● **Task to carry out**: Transcribe the entries exactly as they stand below, passing over any picture.

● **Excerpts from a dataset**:
□ □ □ □

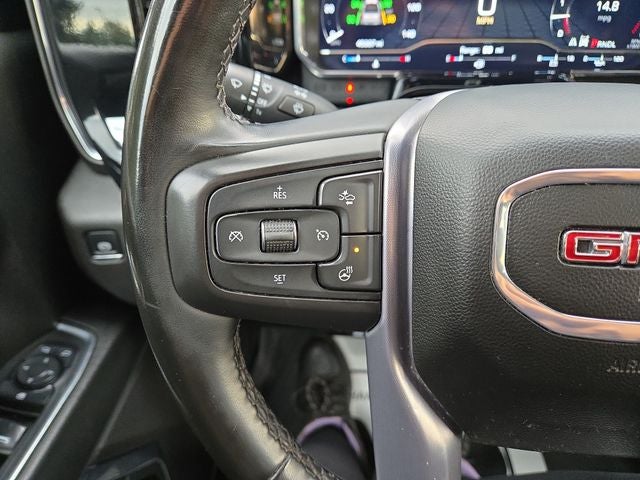 2024 GMC Sierra 1500 SLE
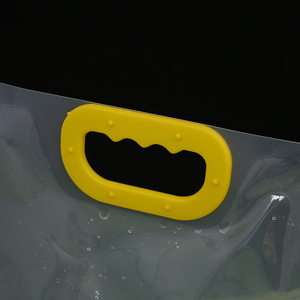 Hot Sale Custom Packaging for Wholesale Transparent Spout <strong>Bag</strong> Plastic Pouches With Suction Nozzle Clear 2.5L 5L <strong>Water</strong> <strong>Bag</strong> - Product Image 4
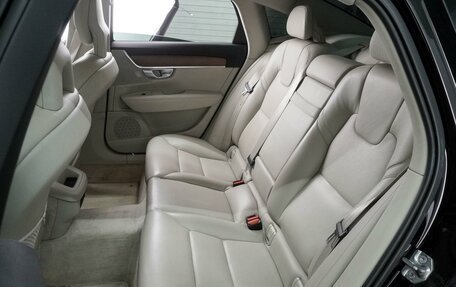 Volvo S90 II рестайлинг, 2017 год, 2 469 000 рублей, 9 фотография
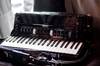 Roland FR7X digital accordion ((Eleanor Jane))
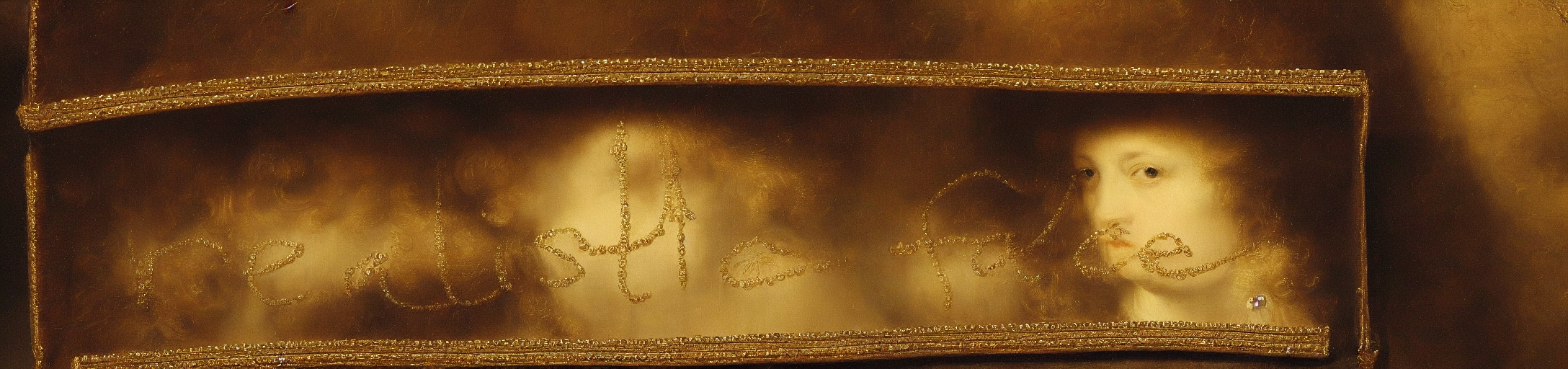 Royalty, painted by Rembrandt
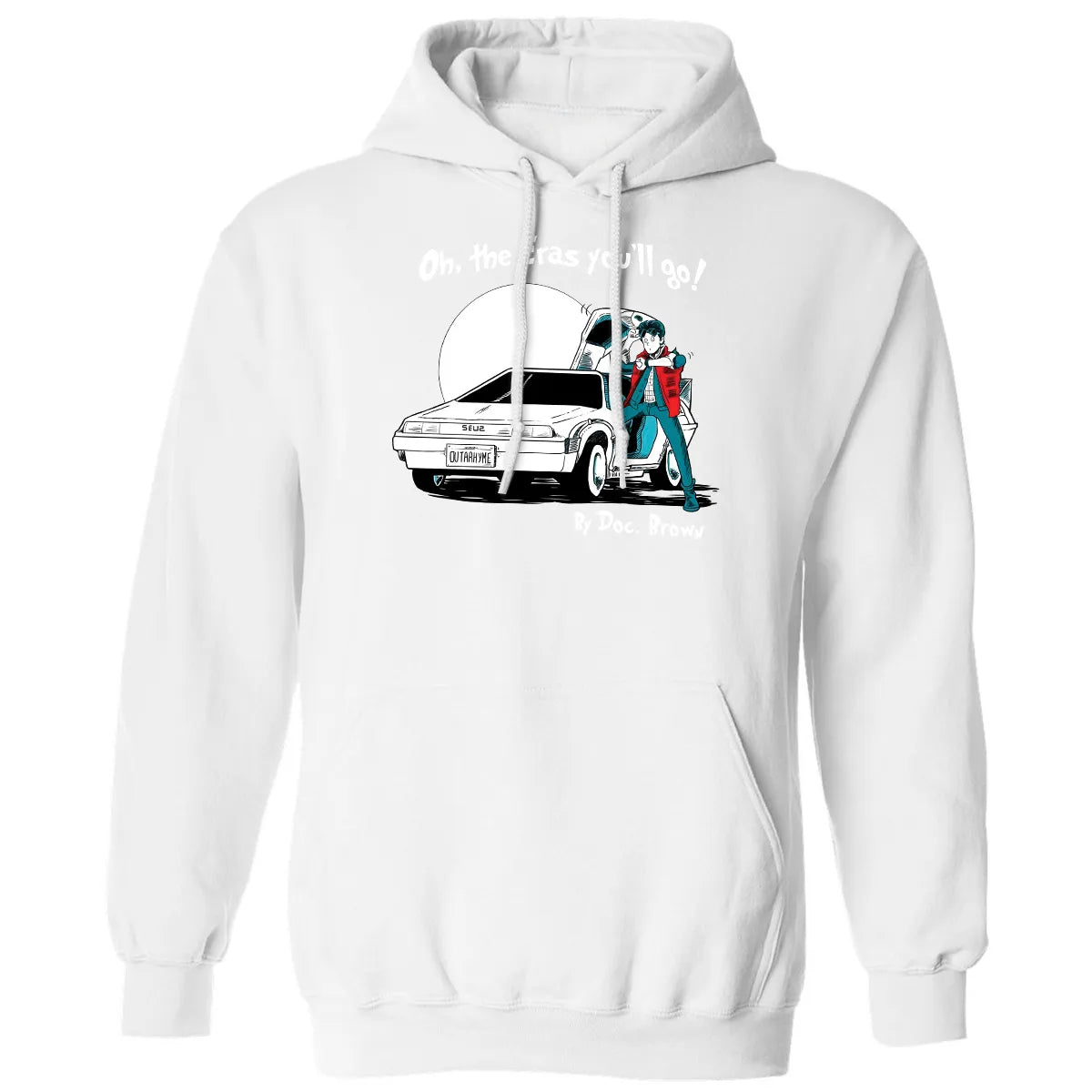 Classic Unisex Hoodie - TJVGRFRU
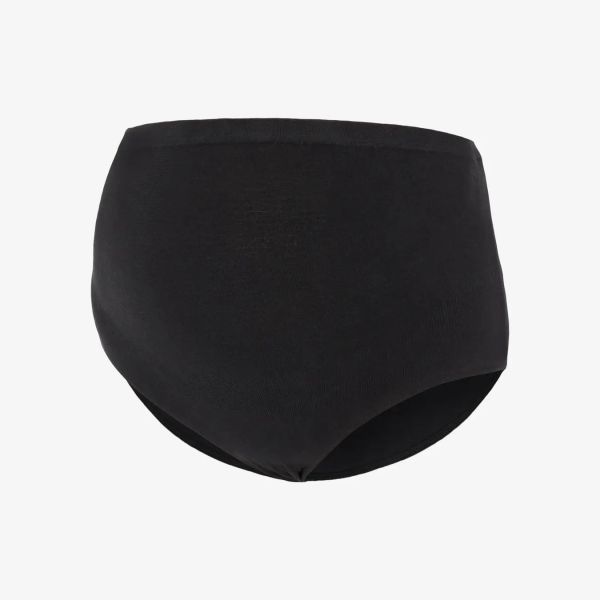 MAMA.LICIOUS Zwangerschapsslip - Heal - 2-Pack - Maat S/M - Zwart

□ □ □ □

● **Written reply**:
 2024 GMC Sierra 1500 SLE
 Hot Sale Custom Packaging for Wholesale Transparent Spout <strong>Bag</strong> Plastic Pouches With Suction Nozzle Clear 2.5L 5L <strong>Water</strong> <strong>Bag</strong> - Product Image 4
 Volvo S90 II рестайлинг, 2017 год, 2 469 000 рублей, 9 фотография
 Roland FR7X digital accordion ((Eleanor Jane))
 Royalty, painted by Rembrandt
 Classic Unisex Hoodie - TJVGRFRU
 MAMA.LICIOUS Zwangerschapsslip - Heal - 2-Pack - Maat S/M - Zwart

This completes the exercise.